Pożar, około godziny 21.00, wykryła elektroniczna czujka zainstalowana w piwnicy. Na miejscu pojawiła się straż pożarna oraz policja. Ze wstępnych ustaleń wynikało, że ogień powstał w pomieszczeniach szatni, znajdujących się pod jednym z oddziałów. W wyniku zdarzenia doszło do uszkodzenia mienia w postaci szafek, okien, tynków, drzwi, instalacji elektrycznej. Wstępnie straty wyceniono na blisko 30 tysięcy złotych. Ogień został ugaszony przed godziną 2.00.
Na szczęście nie trzeba było ewakuować pacjentów, którzy przebywali na oddziałach tuż nad pomieszczeniami piwnicznymi. Zainstalowane mierniki stężenia tlenku węgla wskazywały, że nie ma zagrożenia czadem.

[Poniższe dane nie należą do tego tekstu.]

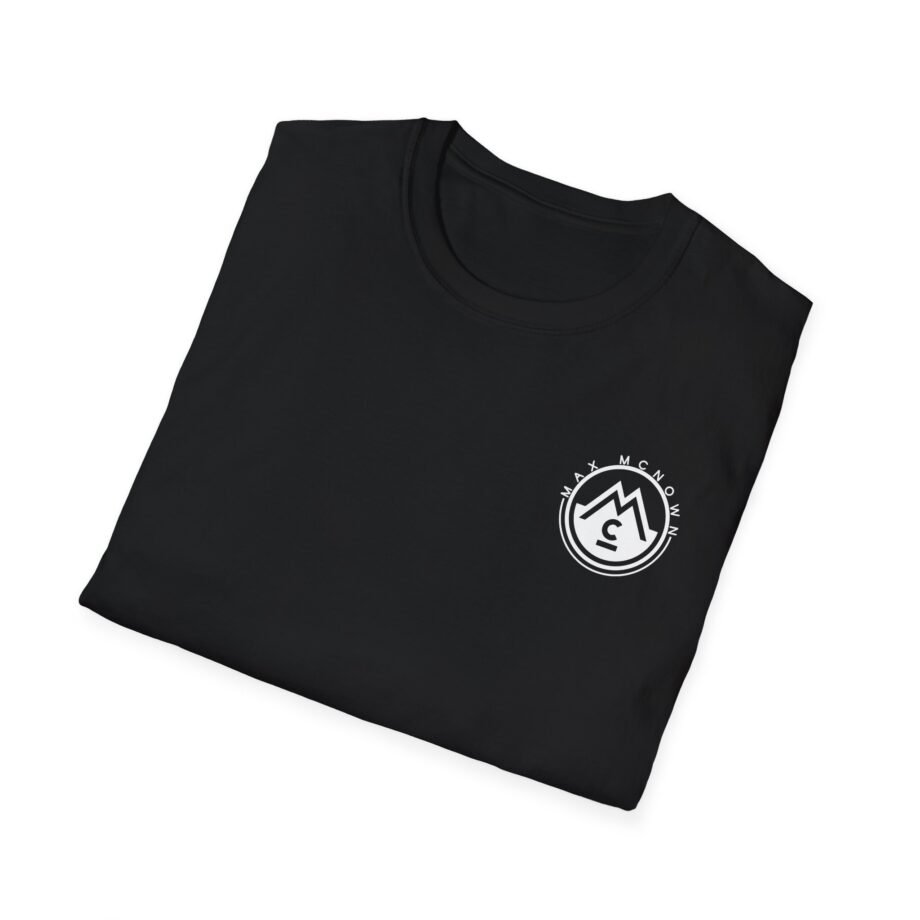 Max Mcnown US Tour Unisex Softstyle T-shirt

Policjanci wykonywali czynności, dokonywali ogólnych oględzin miejsca zdarzenia przy udziale biegłego z zakresu pożarnictwa. Wstępnie ustalono, że pożar zagrażał życiu lub zdrowiu osób oraz mieniu. Mundurowi biorą pod uwagę każdą hipotezę dotyczącą powstania ognia. Wydana opinia biegłego pozwoli na wskazanie konkretnej przyczyny i okoliczności pożaru.